Hitos como “The Weather Project”, de Olafur Eliasson (2003), hacen que el Tate Modern sea el museo de arte moderno más popular a nivel mundial.
“La trivialidad de estos conceptos y la arbitrariedad con que se aplican pueden ser irritantes, y las yuxtaposiciones a menudo son visualmente discordantes”, leía un editorial en The Burlington Magazine, el venerado diario artístico. “La falta general de continuidad desorienta [y] no somos reorientados, no se ofrece una visión fresca: las salas temáticas tienden a alentar un paseo sin sentido a través de un patio curatorial”.

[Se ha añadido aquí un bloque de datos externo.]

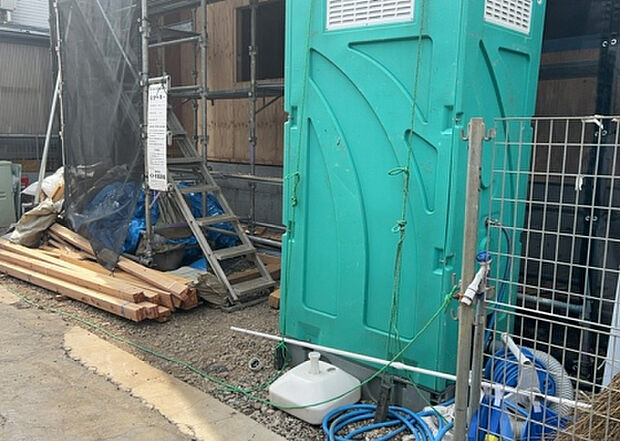 【庭_2】庭のある家に住むことのメリットとして、子どもたちの遊び場を確保できること、ガーデニングや家庭菜園を楽しめること、明るさを確保できることがあります。また、配置を工夫することでプライバシーが確保できます。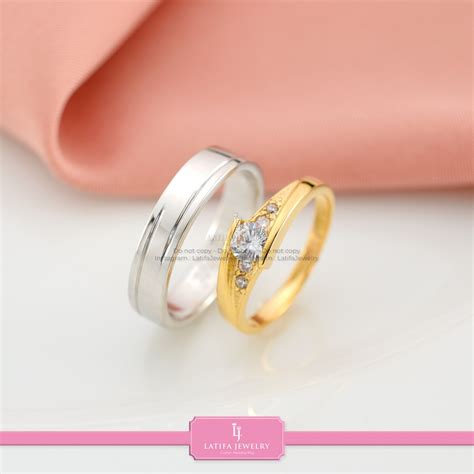 Cincin kawin emas dan palladium free kotak dan ukir nama wa : Pusat Cincin Nikah Bontang & Kawin Tunangan Couple Custom | CINCINMURAH.COM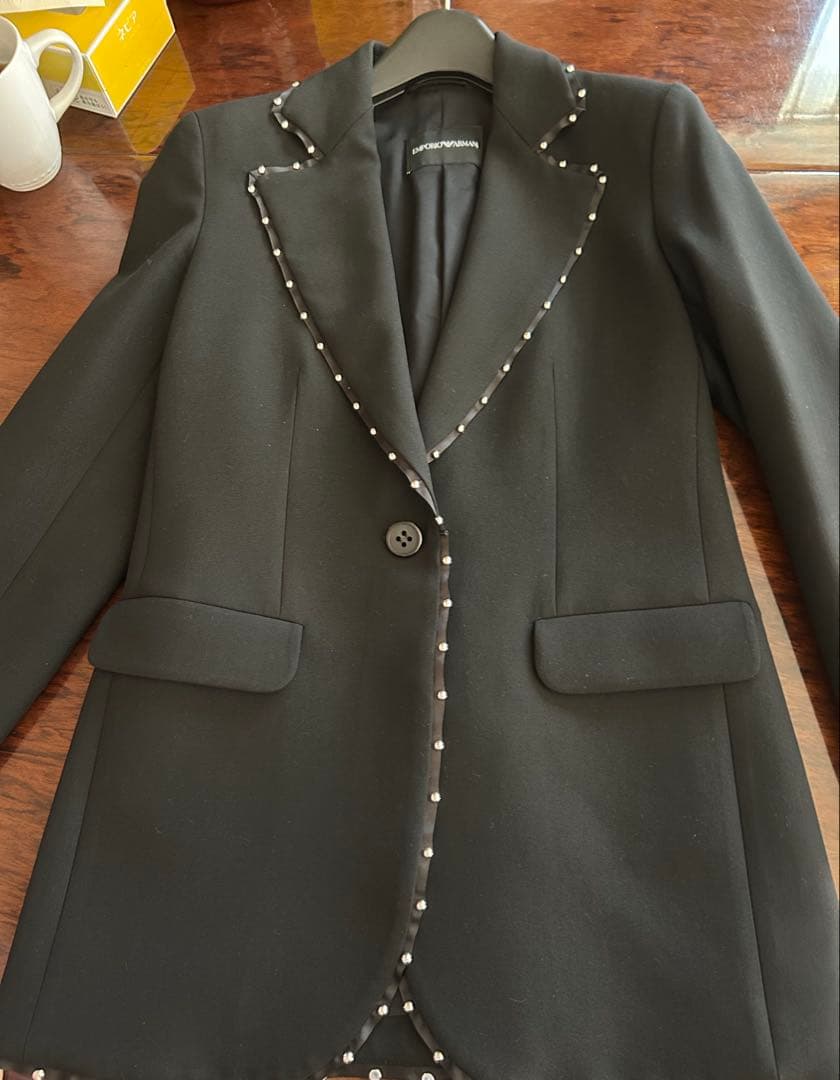 パール装飾 ブラック テーラードジャケット
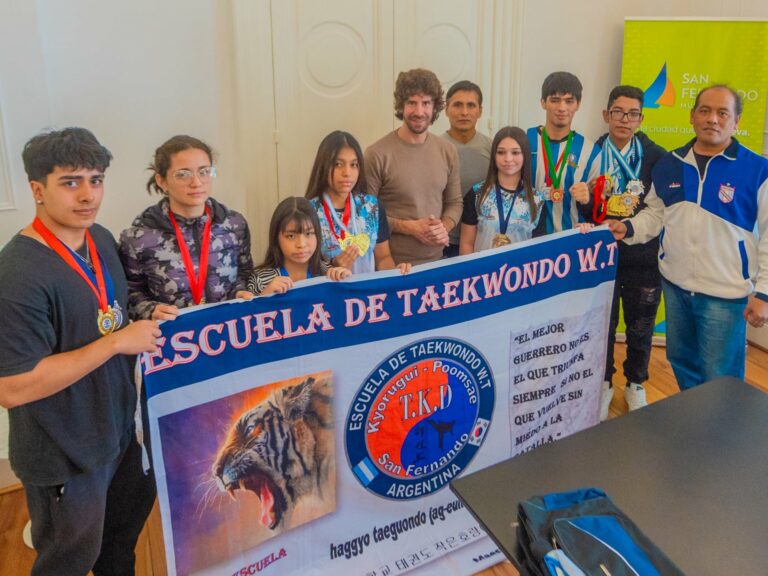 Juan Andreotti recibió a deportistas sanfernandinos de la Selección Nacional de Taekwondo
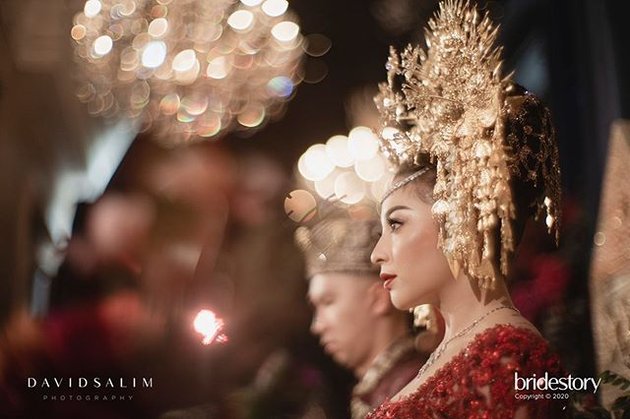 14 Sweet Moments at Nikita Willy & Indra Priawan's Wedding, Showing Off the Ring - Sungkeman Procession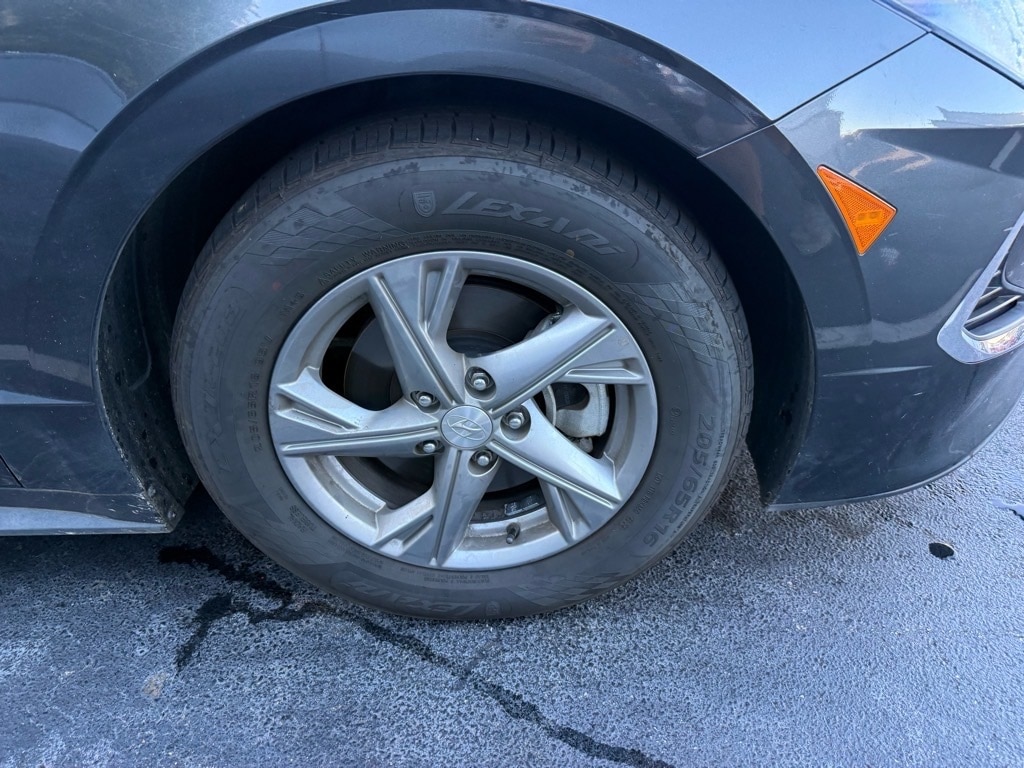 Used 2022 Hyundai Sonata SE Sedan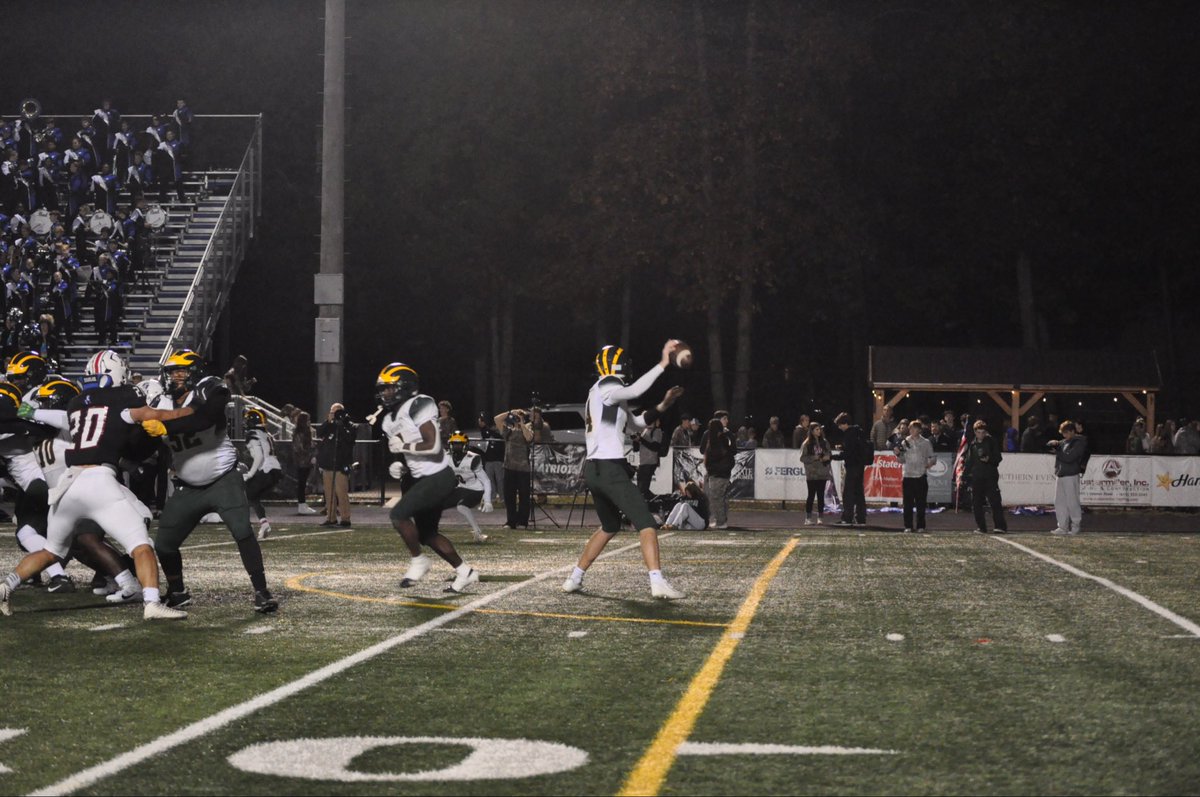 JudeAshley615's tweet photo. First varsity start - happened to be against #1 Page HS.  Good stuff to build on and still a chance to make playoffs if we take care of Centennial Thursday! @VisionQb @QBHitList @HillsboroFball https://t.co/jHxrRmXa4e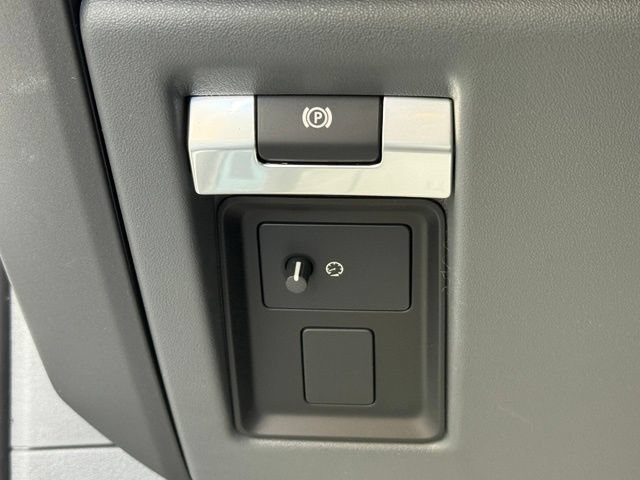 New 2026 Land Rover Defender 130 V8 AWD/4WD image 38
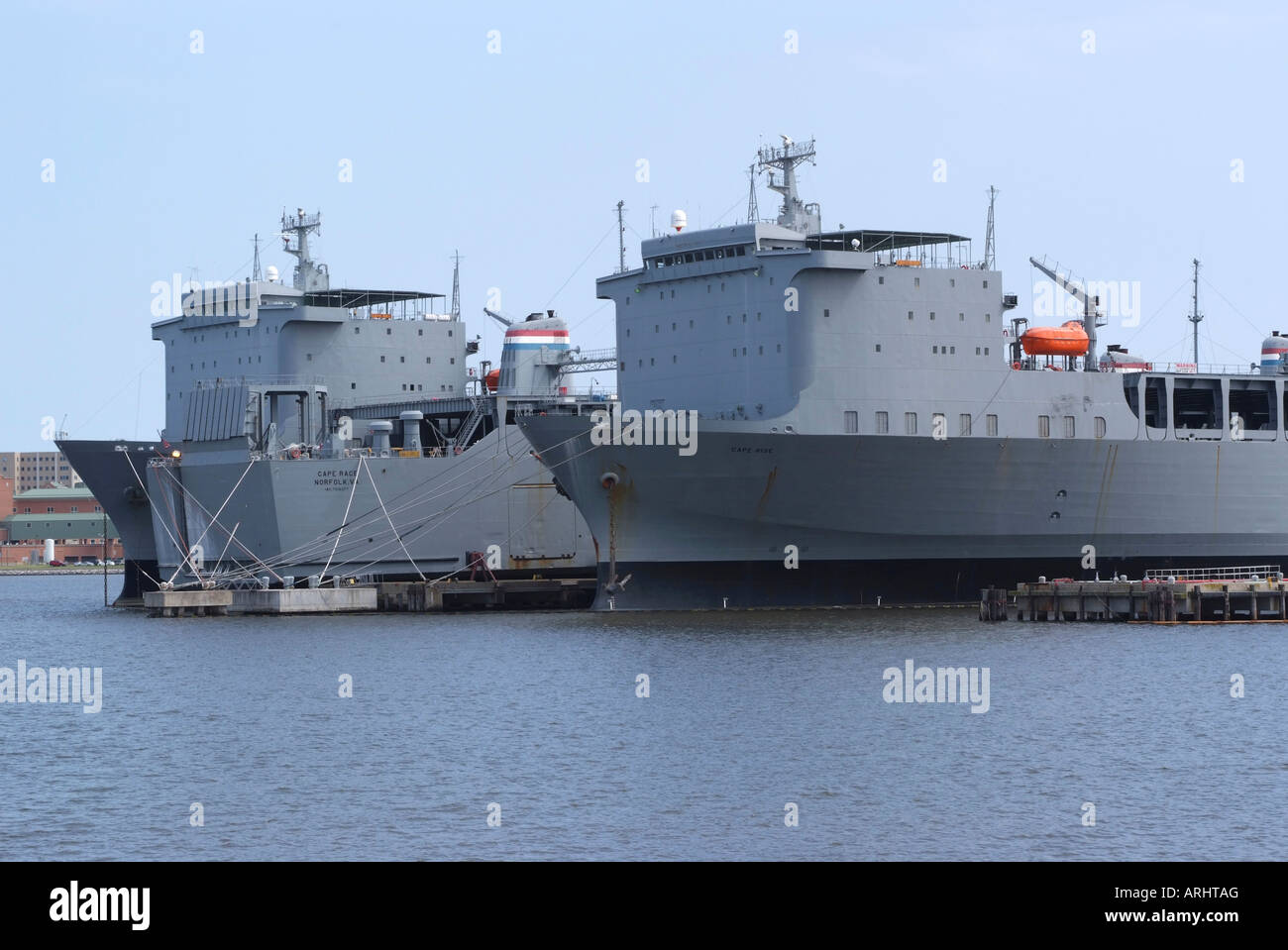 Pronto forza di riserva di navi della marina degli Stati Uniti Capo Ray aumento del Capo e Cape Race ormeggiata presso la base navale di Norfolk Virginia Base USA Foto Stock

A tales jueces no les gustó la ubicación (un pedazo sucio del banco sur del Támesis), criticaron el diseño del edificio (una central eléctrica renovada, con gran parte del interior mantenido intacto) y se fueron lanza en mano contra la primera exposición temporal, Century City, que mostraba escenas del arte de diferentes urbes del mundo (“la sección dedicada a Lagos es tan débil que te sientes como un cerdo racista, imperialista y colonialista por atreverte a decirlo”, decía The Guardian). Las objeciones más importantes eran contra el agrupamiento del arte por temas en lugar de por periodos y por la cantidad de obras de sitios de fuera de Europa y América. A decir verdad, los curadores del Tate Modern esperaban las reacciones, pero creían que su forma de hacer las cosas era justa e interesante.